Tuesday 3 January 2012

Not particularly what I go to school for

Have you ever seen the film Accepted?
It's a very good film, a comedy, but with a nice underlying message and all that. It's about a boy (Justin Long) who fails to get into any University but can't bear to tell his parents. Long and short of it (watch the film for the bit in the middle) (really, do watch it, Jonah Hill in his early days is brilliant) he ends up creating his own University where the pupils do the teaching and everyone is oh so happy and isn't the world just wonderful.

Entirely unrealistic of course, but the idea is there. School today manages to sap the fun out of everything. If I could explain it visually I would describe an evil looking headmaster with a bag labelled 'joys of life' squeezing out every last drop onto the dirty school hall floor (we've all got one, dust galore) then spitting in it. Because somehow, somehow, whatever you went in to school liking, you ultimately end up hating.
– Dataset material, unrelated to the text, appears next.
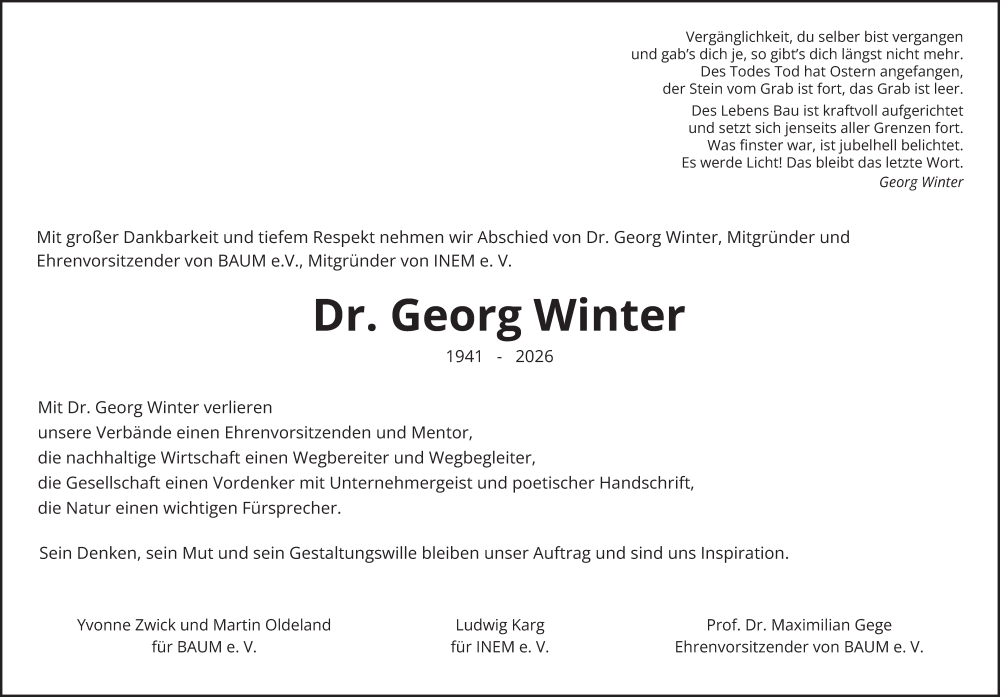  Traueranzeige für Georg Winter vom 17.01.2026 aus Hamburger Abendblatt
I love to read, absolutely love it. I like to read books, and then when I've finished I like to put them down, and later on read another. I do not like psycho-analysing every last word until the marvel of the story has been removed. 'Why do you think the author chose to use the word 'and' here Rachel?' 'Gee miss, I just don't know. Perhaps the shortness of the word represents his ultimate outlook on life and his negative views of social politics?'
Truman Capote would turn in his grave if he knew the utter rubbish I've spouted in essays.*

Everyone, even teachers, know that we just regurgitate knowledge for exams, then promptly forget it as we stroll out, pretending to our peers that we got 'like, so totally stuck on question 4' when in fact we all did fine. School needs shaking up. Teachers need shaking up. If you ever find yourself being taught by someone who seems to actually care about their subject, treasure it. Those teachers are rarer than X Factor number 1s. But in reality, not that much can be done about it. As a nation we're far too frightened of change, within months of vocational courses finally being improved they were shot down again. Teachers today seem to have lost a spark. When they imply that I should know the answers to something my blood boils. You are the teacher, and I drag myself out of bed everyday to be taught. If all you plan to do is read us the textbook then I plan to leave.

Maybe it's me being nostalgic for years I didn't have. I would love to have been a boy in the late 1920s, going to oxford and being friends with my professors (minus the dodgy touching). It's not inspiring anymore. I don't feel inspired to go out and do anything because of my teachers. In fact the internet gives me more food for thought than any class does. Maybe that's the next step - virtual learning.

Who knows. All I know is I return to year 13 tomorrow, and plan to get my head down and muddle through it, before finishing my final exams and heading to university where, please god, someone will still have some spark left.




*DISCLAIMER. The above quotes were not direct, I have never analysed the word 'and'.